Regina King on the Verifiable Lessons of ‘The Harder They Fall’ and Her Other Black History-Laced Projects

Image: courtesy of Netflix

The Harder They Fall, directed by Jeymes Samuel, has finally landed on Netflix. Starring Jonathan Majors, Idris Elba, Regina King, LaKeith Stanfield, Delroy Lindo, Deon Cole, Zazie Beetz, the Jay-Z-produced film is a rare Black cast entry in the Western genre. That distinction is one of the main reasons Regina King told EBONY she had to be part of this film.

“It was just a space that we don’t get to see ourselves in, one; and two, how often do we get the opportunity to have that big film with all of those people?” she explained. “You don’t hear that. Usually for us if it’s something like that—and it’s been a long, long, long time—it’s usually a romantic comedy, but it’s never a genre like western, or action or any of that nature.”  

Prior to directing The Harder They Fall, Samuel had already earned notoriety in his native London as a singer-songwriter, music producer and filmmaker, going by The Bullitts. Back in 2013, Samuel won critical acclaim for his short film They Die By Dawn (which accompanied his first album, They Die By Dawn & Other Short Stories). The short, which premiered at South By Southwest, starred heavy hitters—Michael K. Williams, Erykah Badu, Isaiah Washington, Jesse Williams and Rosario Dawson. A Black western as well, the film was set in the Black town of Langston, Oklahoma in 1890. 

Even before she knew the full cast of Samuel’s first feature-length film beyond Idris Elba, King revealed that she was already sold. “When I met Jeymes and he broke down his vision, I just was so excited,” she beamed. “It felt fresh. I played some of the music that he had already written to some of the scenes, and I just was like, ‘You know what? I’m going to take a ride with you.’” (The music, which meshes contemporary rhythms like reggae and hip-hop, along with a few unexpected genres, is vibrant throughout the film and can be enjoyed on a soundtrack, for which Jay-Z has two collaborations, released last week.)

The Black history twist to the film, like her HBO limited series Watchmen, was a bonus for the actress. Even though The Harder They Fall is a completely fictional story mainly following Jonathan Majors’ Nat Love as he seeks revenge against Idris Elba’s Rufus Buck, its other characters are also largely Black people from the Old West who have, until now, failed to receive their mainstream flowers. Others include Cherokee Bill (LaKeith Stanfield), Bass Reeves (Delroy Lindo), Jim Beckwourth (RJ Cyler), Bill Pickett (Edi Gathegi), Stagecoach Mary (Zazie Beetz), and Wiley Escoe (Deon Cole). King’s character Treacherous Trudy Smith (or Getrude Smith) is a little known pickpocket.

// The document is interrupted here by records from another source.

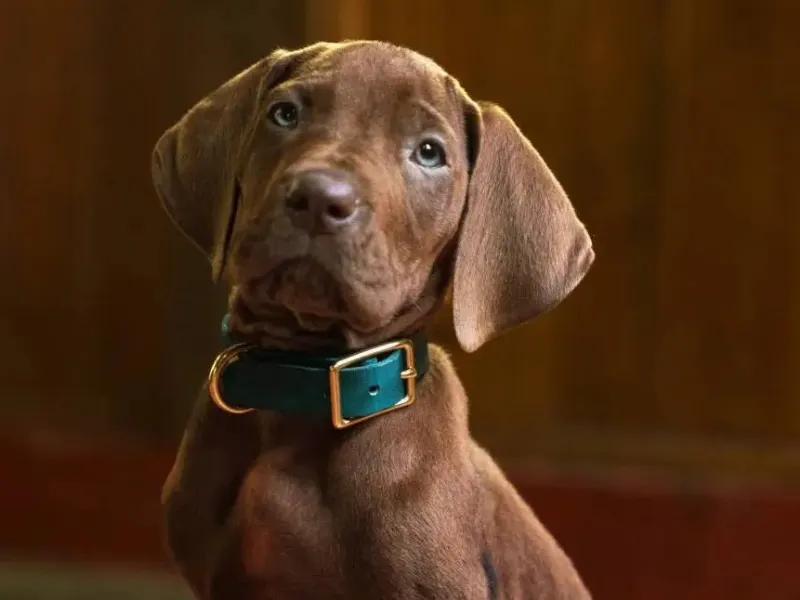 Scooby-Doo: Ο νέος σκύλος του Netflix δίχασε τους θαυμαστές πριν καν βγει η σειρά - Δείτε βίντεο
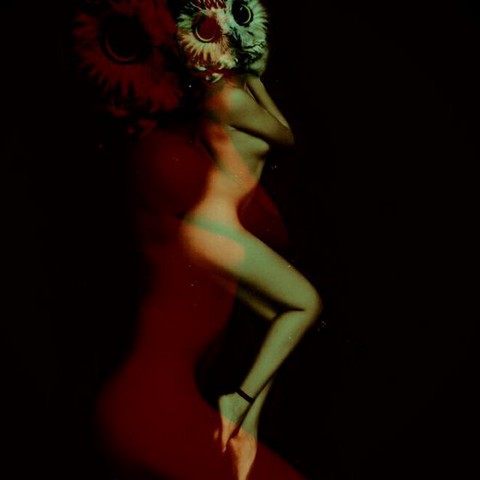 The voices of a Nakedowl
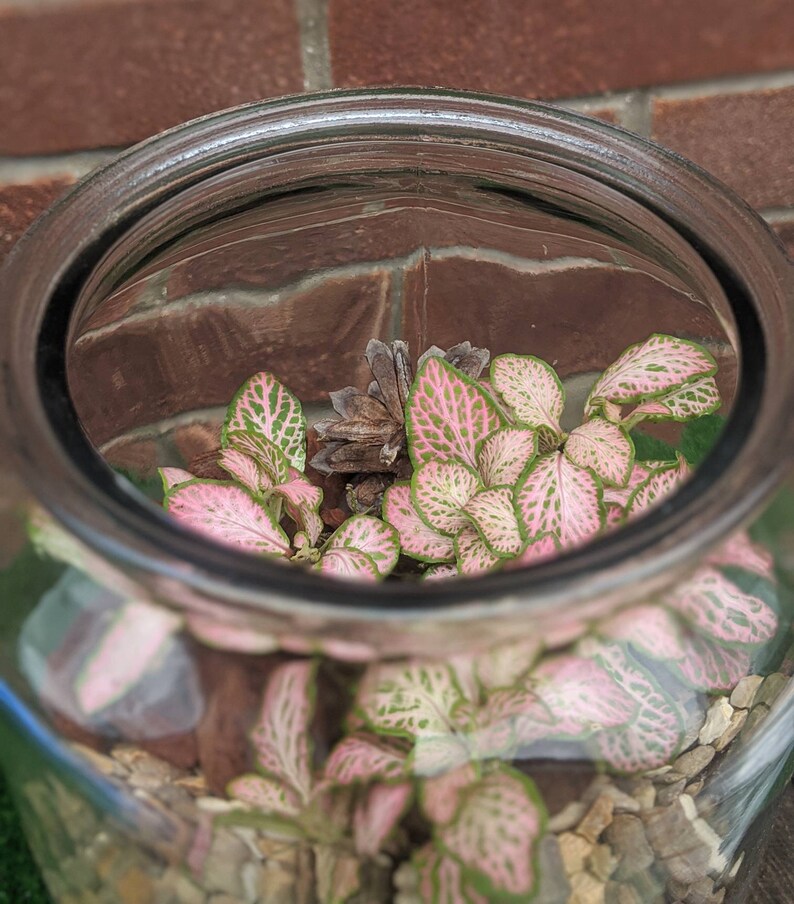 DIY Fittonia Forest Terrarium Fairy Garden Closed Etsy UK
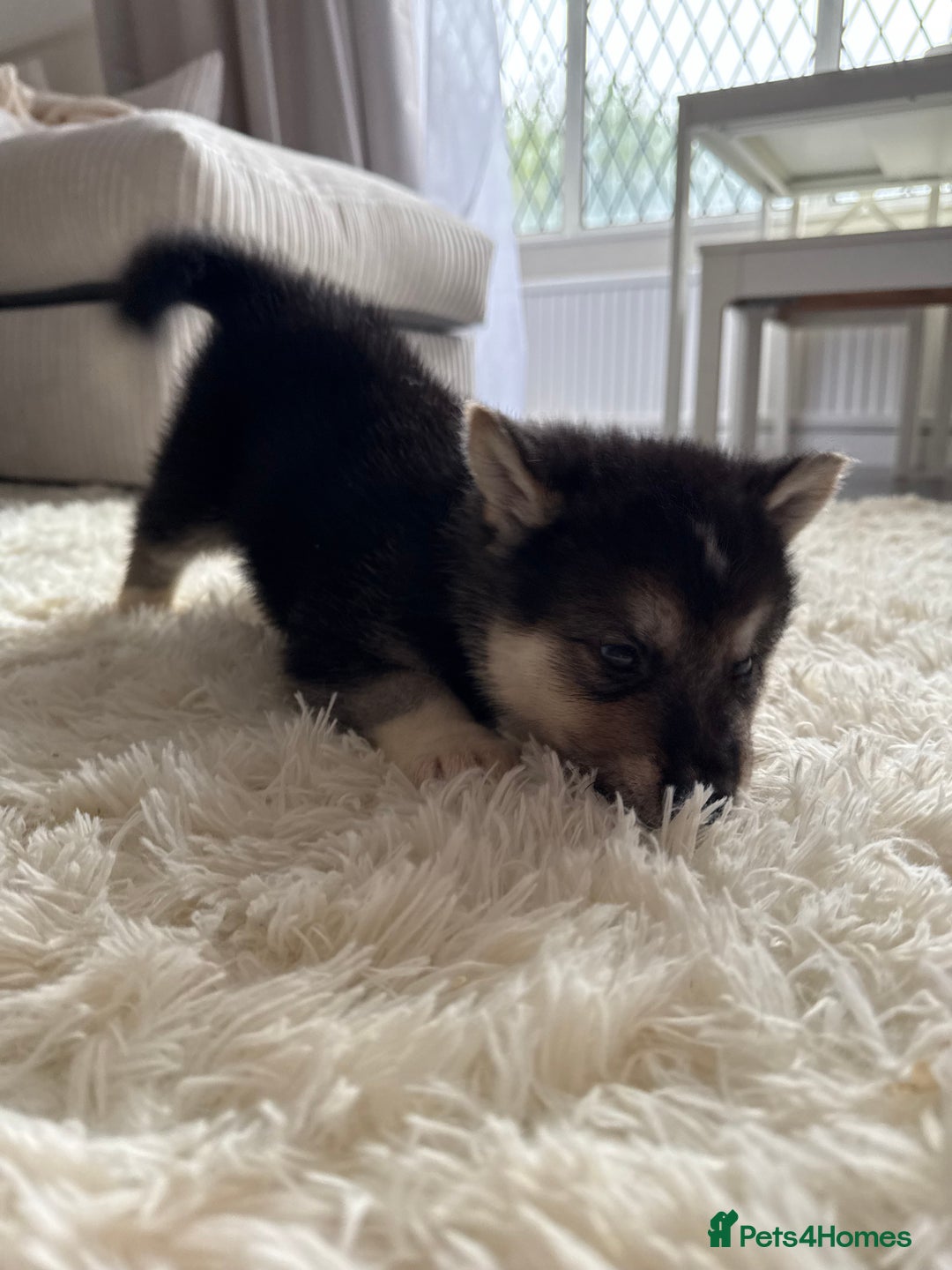 Huskita dogs for sale: READY NOW Huskita Puppies - Advert 24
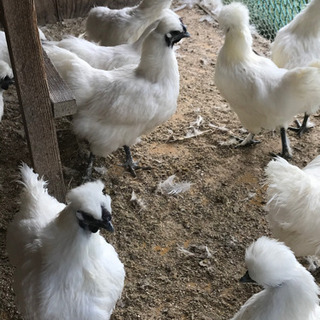 東京で烏骨鶏の朝取れ玉子体験しませんか？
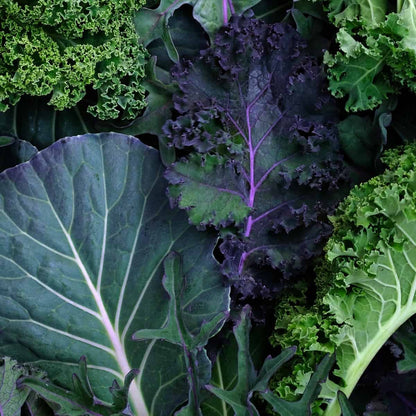 Collard & Kale Brassica Mixed Green and Purple Leaf Microgreens Seeds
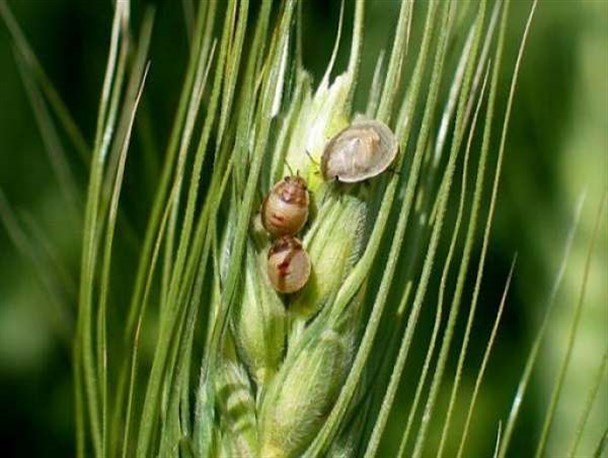 آغاز مبارزه با سن پوره ۲ در مزارع استان زنجان/ پوره سن ۲ کیفیت محصول تولیدی را به شدت کاهش می‌دهد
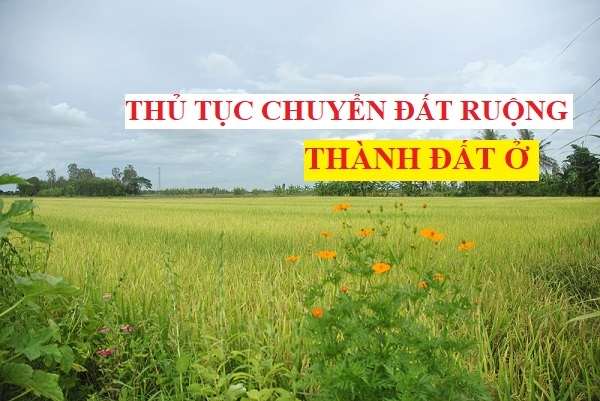 Thủ tục chuyển đổi mục đích sử dụng đất ruộng thành đất ở?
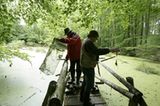 Fotogalerie: Fotogalerie: 11. GEO-Tag der Artenvielfalt - Bild 9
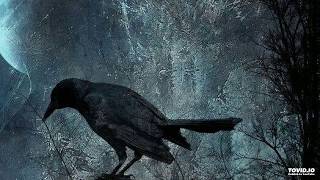 Seraphim Shock - Nightmares For The Banished [Ep]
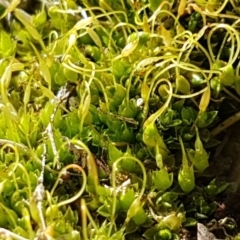 Funaria hygrometrica (Moss) at Lyneham, ACT - 20 Jul 2020 by tpreston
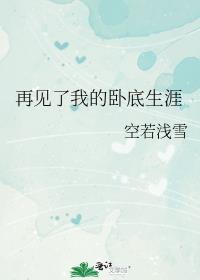 再见了我的卧底生涯txt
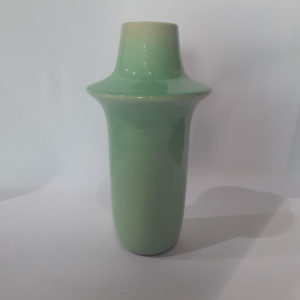 פטריה ירוק בהיר (מלאי 17 יחידות)(מיקום B3 ה)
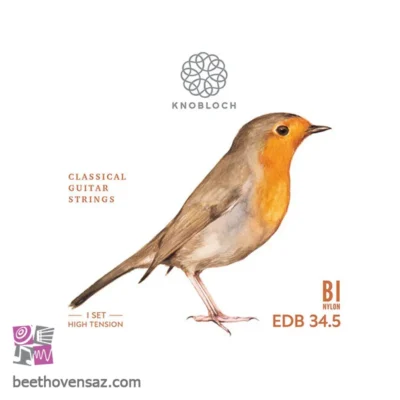 سیم گیتار نابلوخ مدل 5.EDB34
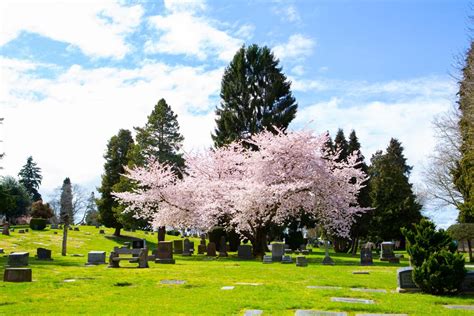 Trees & Cemetery Features - Lake View Cemetery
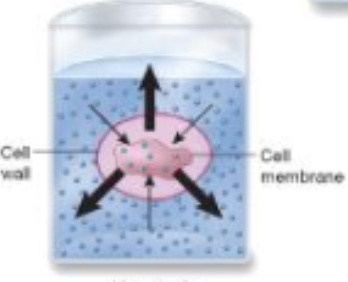 <p>High solute <strong><u>outside</u></strong> the cell. <u>Water will move out of the cell </u>and solutes move in. Results in plasmolysis and cell death. This is how you preserve food and are halophiles (loves salt)</p>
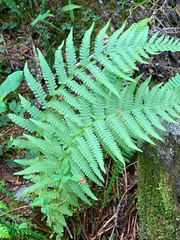 Oreopteris quelpartensis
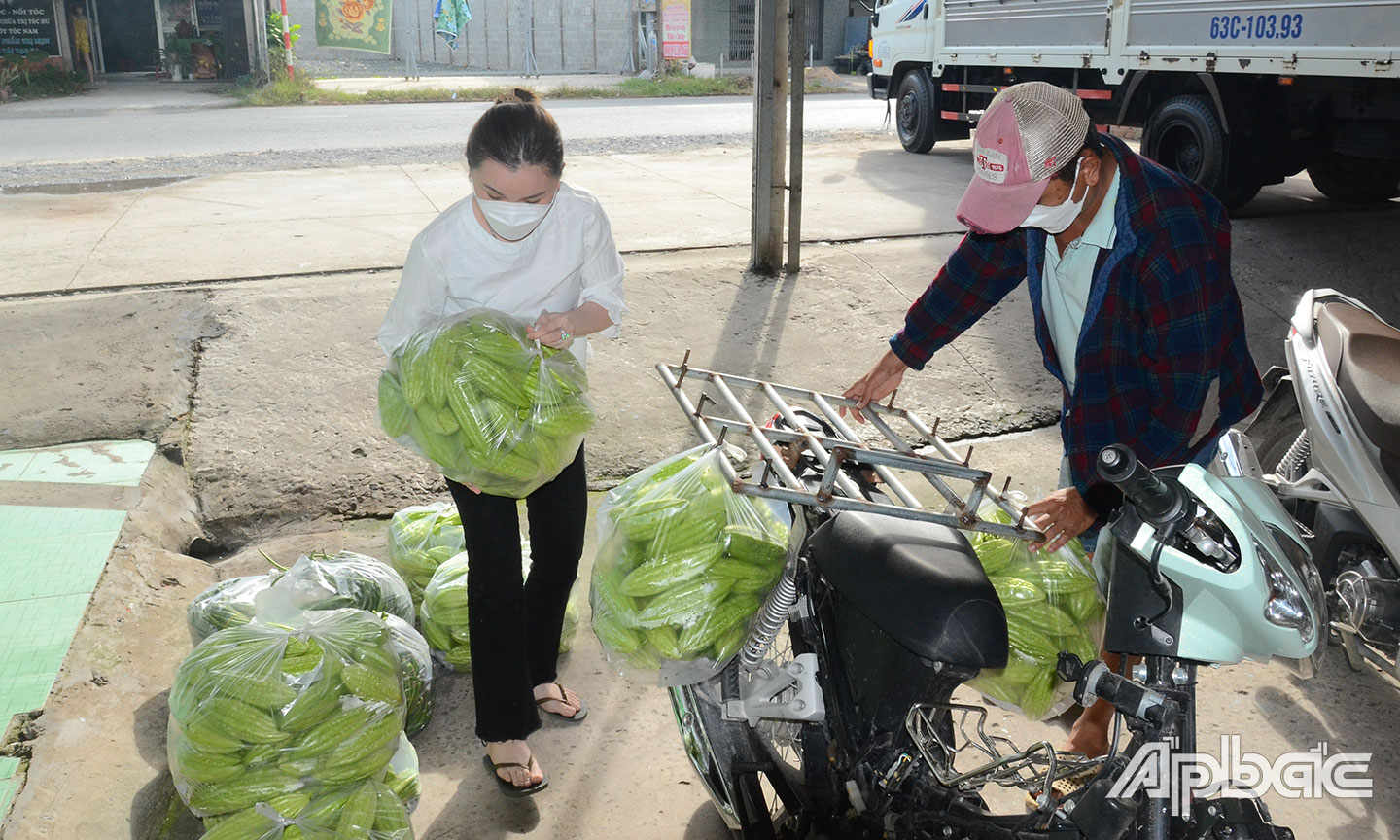 Thu mua nông sản tại HTX Tân Lý Tây.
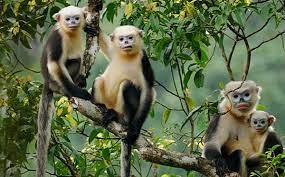 Sauvegarder durablement les primates endemiques du Vietnam hinh anh 1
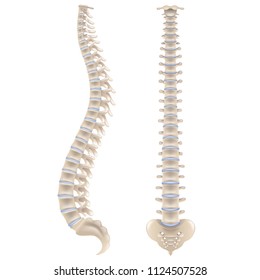 Spine bones isolated on white photo-realistic vector illustration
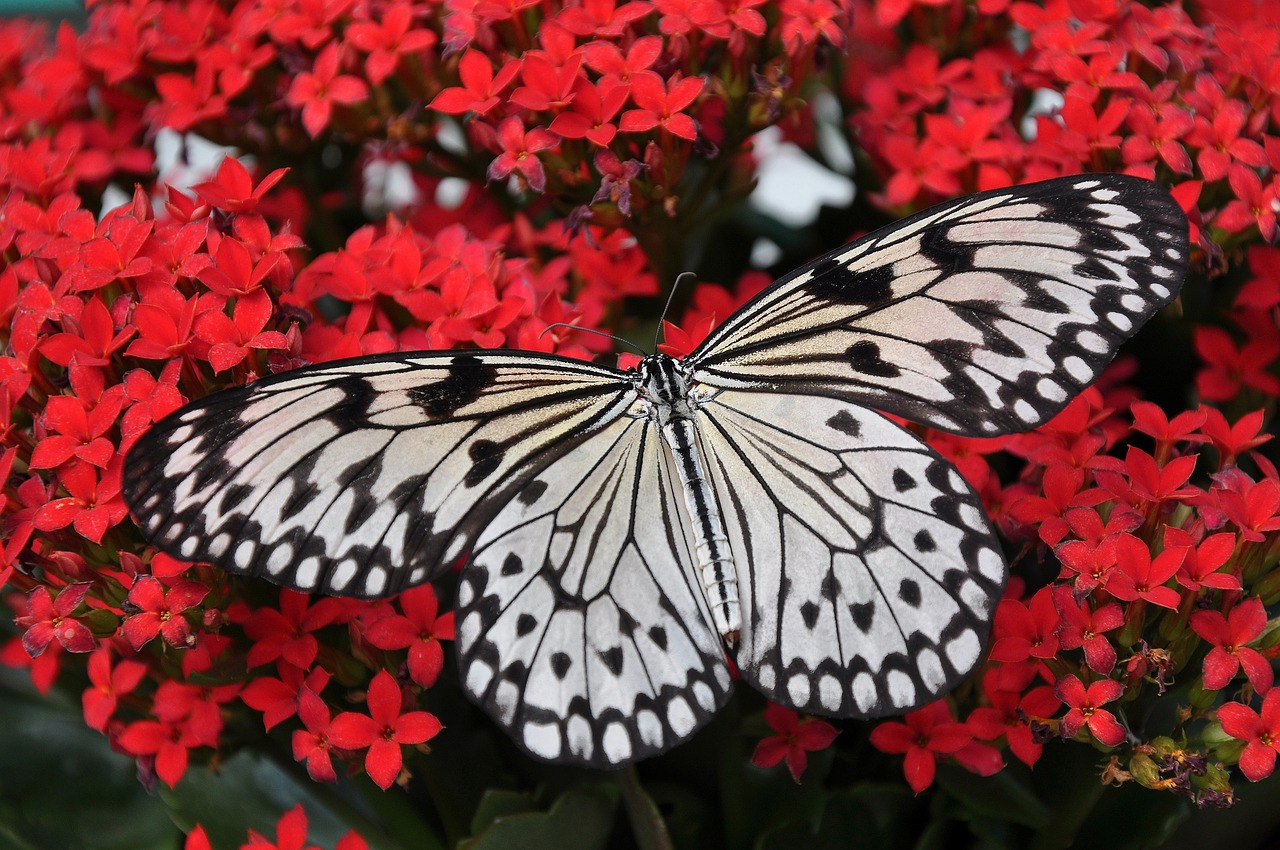 Borboleta branca significado espiritual e mensagens ocultas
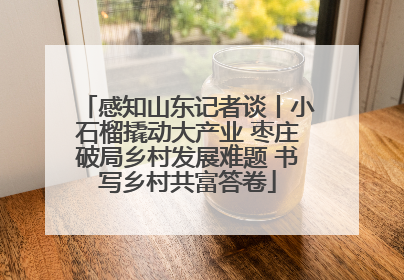 感知山东记者谈丨小石榴撬动大产业 枣庄破局乡村发展难题 书写乡村共富答卷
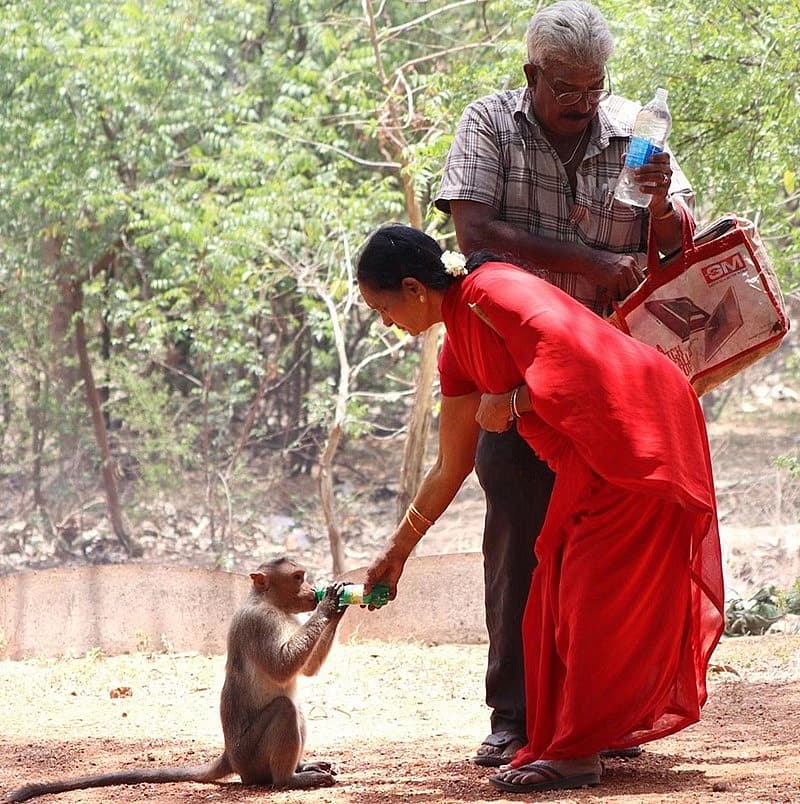 ತಮಿಳುನಾಡಿನ ಮಧುರೈ ಜಿಲ್ಲೆಯ ತಿರುಪರಂಕುಂದ್ರಂ ಬೆಟ್ಟದ ಬಳಿ ಬಾಯಾರಿದ ಕೋತಿಗೆ ದಂಪತಿ ನೀರಿನ ಬಾಟಲಿಯನ್ನು ನೀಡಿದರು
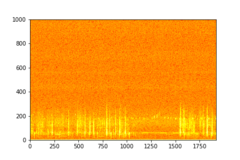 Tadarida brasiliensis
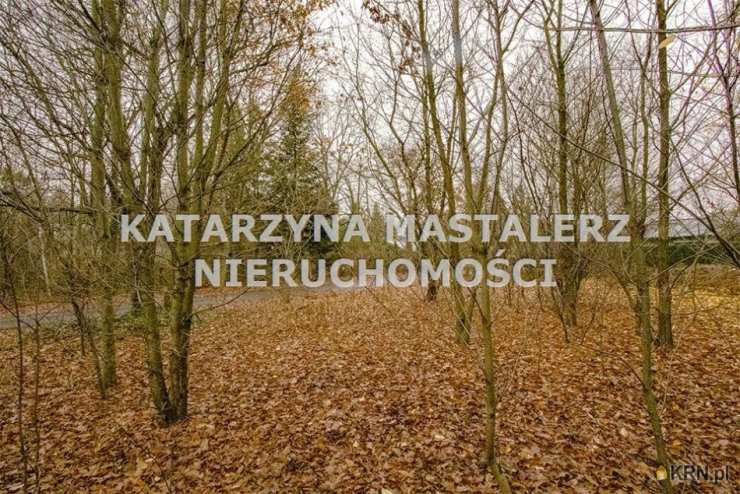 Katarzyna Mastalerz - twój partner w nieruchomościach, Działki  na sprzedaż, Strzeniówka, ul. 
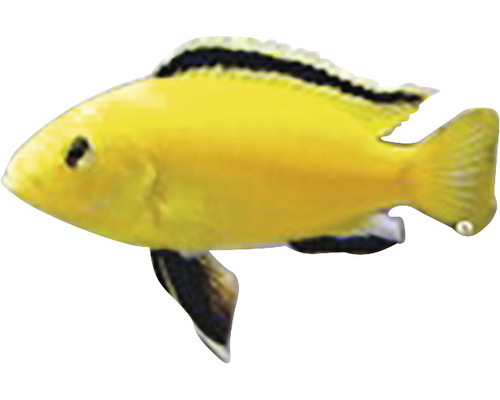 Labidochromis species yellow M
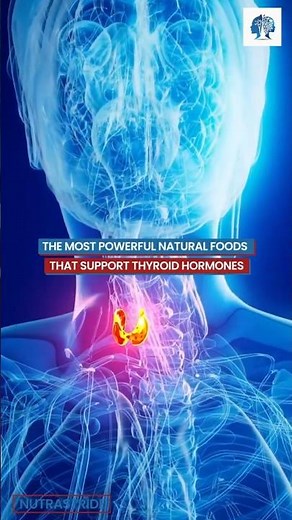 The Most Powerful Natural Foods That Support Thyroid Hormones #Thyroid #Hormones #nutrition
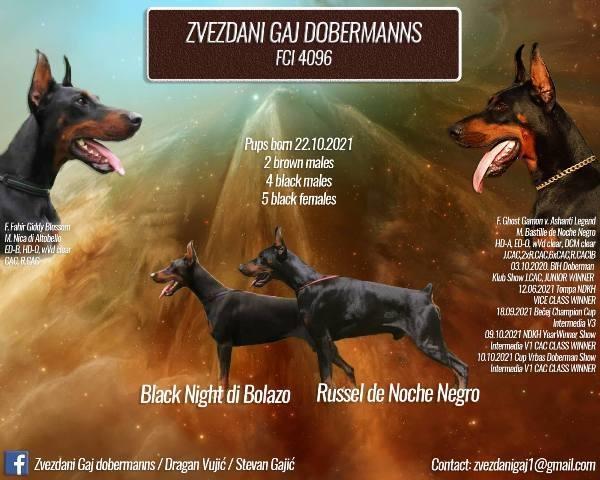 Dobermani TOP Leglo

Cuffee, played by Danielle Deadwyler, who might be recognizable from Watchmen, also has a unique twist. 

“When you can take in real history and do an extrapolation of it, I feel like it pulls people in, and people don’t feel like they have to watch,” King, who recently received her star on the Hollywood Walk of Fame, explained to EBONY. “I am guilty of being in some of these pieces [where] you feel it’s your obligation to watch it because it’s a history lesson or it’s a subject that’s very topical.”

With The Harder They Fall, she truly believes that the entertainment shines through. “When you feel like this is an appointment film. This is something that I’m just going to go for the entertainment, and then you happen to get that extra history lesson or bit of information that’s relevant to today or the past, that’s just a win-win. I feel a spoonful of sugar helps the medicine go down.”

Her next win-win is portraying shero Shirley Chisholm in the film Shirley, written and directed by Oscar winner John Ridley, with whom she won her first two Emmys as Outstanding Supporting Actress in the ABC limited anthology series American Crime. “It’s been a passion project for my sister [Reina, with whom she owns the boutique Royal Ties Productions] and I for almost 12 years now. And it’s pretty much following Shirley through that ‘72 election and a little bit before just to get you familiar with just who this hero was and who she is and what she’s represented to so many.” 

That last part is particularly important to King who feels that “so many people know her name and feel like ‘oh she’s one of our heroes because when Black History Month or whatever comes around, she’ll get a date or a page or whatever” but they don’t know her. “I just feel like it’s just important to know what inspire those who inspire us.”

And this is one of the many reasons Regina King continues to inspire us.

Ronda Racha Penrice is the author of Black American History For Dummies.